It’s finally cold, Neiman’s has decorated its downtown building and holiday meals are on our minds. Turkey, ham, potatoes, hot chocolate — none of which would be traditionally prepared, of course, if you were to eat at the Spiral Diner.
I have Bruce Tomaso, an editor at The Dallas Morning News, to thank for my experience of a vegan Thanksgiving dinner. After poking a bit of fun at People for the Ethical Treatment of Animals for requesting Turkey, Texas, to change its name to Tofurkey for Thanksgiving day, the organization offered Bruce “a fabulous, vegan Thanksgiving meal complete with Tofurkey, stuffing, gravy and all the other fixin’s.”
I joined Bruce, as did Tom Steele, assistant iPad editor for dallasnews.com — and a vegetarian — and Georges Badoux, a European-trained chef and former restaurateur on a trip to the diner to join PETA representatives Tracy Patton of Chicago and Karla Waples of Austin.
Our meal started with a small bowl of butternut-fennel soup, one that was obviously not cream-based by its texture. It did, however, make for a good, hearty, autumn-appropriate soup with a smooth, thick texture from the butternut squash. The spices complemented the soup without overwhelming it.

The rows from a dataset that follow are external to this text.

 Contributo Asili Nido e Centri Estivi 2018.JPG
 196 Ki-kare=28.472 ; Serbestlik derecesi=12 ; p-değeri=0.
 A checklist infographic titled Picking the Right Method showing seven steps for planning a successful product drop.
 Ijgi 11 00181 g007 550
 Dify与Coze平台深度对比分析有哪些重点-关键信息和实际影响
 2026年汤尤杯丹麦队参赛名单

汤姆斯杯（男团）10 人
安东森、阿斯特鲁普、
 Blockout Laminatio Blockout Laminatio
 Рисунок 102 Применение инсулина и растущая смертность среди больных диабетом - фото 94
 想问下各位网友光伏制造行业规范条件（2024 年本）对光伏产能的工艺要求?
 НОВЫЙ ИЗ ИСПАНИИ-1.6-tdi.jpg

Spices did overwhelm some items on later plates. The plate of the main course was fine, overall. Had someone delicately slid the faux turkey off the plate and cleaned away any traces of gravy, it would have been enjoyable. I prepared myself for the “turkey” by telling myself to avoid thinking about it before I even sliced into it. This was immediately impossible when my fork squeezed into the rubber-like slab and water came out of what looked like pores on the side of the tofu.
It was filled with spices, all which compensated for the lack of taste in tofu and combated each other in trying to achieve the taste of turkey. The gravy, which would traditionally be made from the drippings of the turkey, was made from a faux broth that produced a brown water with little taste that covered the “turkey” and garlic and rosemary mashed potatoes (which desperately needed salt).
The sesame-glazed green beans were juicy and tender, but worth leaving some behind on the plate. As with many things that are sesame-glazed, the sesame taste took over.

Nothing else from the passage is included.